Apprends-moi cet orgueil : n’être rien mais laisser après moi les bons fruits d’une chimie secrète et pourtant responsable ».

Le poète Lavaur a été publié par de très nombreuses revues ; il est l’auteur de multiples recueils (dont son chef-d’œuvre Argos), plaquettes, fascicules, figure dans de nombreuses anthologies. Son travail est pourtant moins connu qu’il ne le mériterait. Son écriture est multiforme : il pratique le vers et la prose poétique, le texte long et, de plus en plus, le poème bref apparenté au haïku. Ce qui fait son unité, c’est peut-être l’attention qui permet de saisir les rencontres inattendues (c’est aussi un de ses talents de revuiste que de faire voisiner des textes dissemblables entre lesquels peuvent cependant s’établir des échanges). Il peut s’agir de rencontres verbales (aucun calembour ne l’effraie !) ou de trouvailles du regard que le travail du poète ou de l’artiste permet de partager :

            « Tout y est : le cou, le long museau, les deux oreilles, et surtout la corne, longue et torsadée plus que défense de narval.

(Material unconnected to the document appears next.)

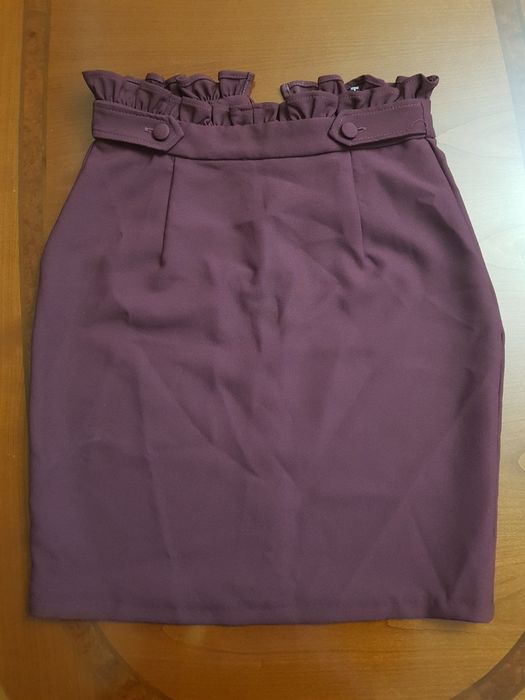 Спідниця Amisu дуже гарна.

            C’est tout le travail d’une liane autour d’un jeune châtaignier, pendant presque une décennie de lutte entre deux plantes.

            Couper. Tailler, polir, après qu’un long séchage ait raffermi la chair de l’arbre, et je l’ai ma tête de licorne. »[i]

            L’œuvre s‘enracine dans les terroirs ruraux (de Corrèze et du Limousin, du Quercy, puis de Bretagne) où le poète a vécu depuis son enfance, mais ne s’enferme pas dans ces chemins creux de la mémoire[ii]. Elle est le travail d’un humaniste qui tâche d’être librement. Son projet, c’est de « vivre en poésie. Pas une religion, ni une science. Seulement la présence consciente et l’écoute attentive, avec le faire pour recueillir et conserver le fugitif. Et le projet, non d’un moralisme, mais d’une morale, au sens premier : quelles mœurs adopter pour exister en harmonie, agir en symbiose avec mes commensaux, mes prédateurs et mes proies ». Lavaur écrit avec les animaux, les objets de tous les jours. Il n’en fait pas des symboles qui renverraient à un autre monde, plutôt des notes auxquelles le poète ajoute la sienne pour éveiller (faire naître ?) une harmonie immanente. Contes et bêtes légendaires peuvent traverser le texte, mais si le poète en joue il n’est pas dupe de sa fiction et ne s’en sert pas pour produire de la « fausse monnaie » spirituelle. Il est au contraire le « désenchanteur » qui révèle le vide à l’envers des mots, utilise la surprise d’une chute imprévue pour aviver la présence du monde.

« Bref et sans truquage

un haiku précis comme

un gag de keaton ».

Emmanuel Hiriart

 

Bio-bibliographie

MFL est le facteur (fondateur, animateur, directeur, rédacteur, illustrateur, éditeur, manufacteur, ...) de la revue et des éditions TRACES.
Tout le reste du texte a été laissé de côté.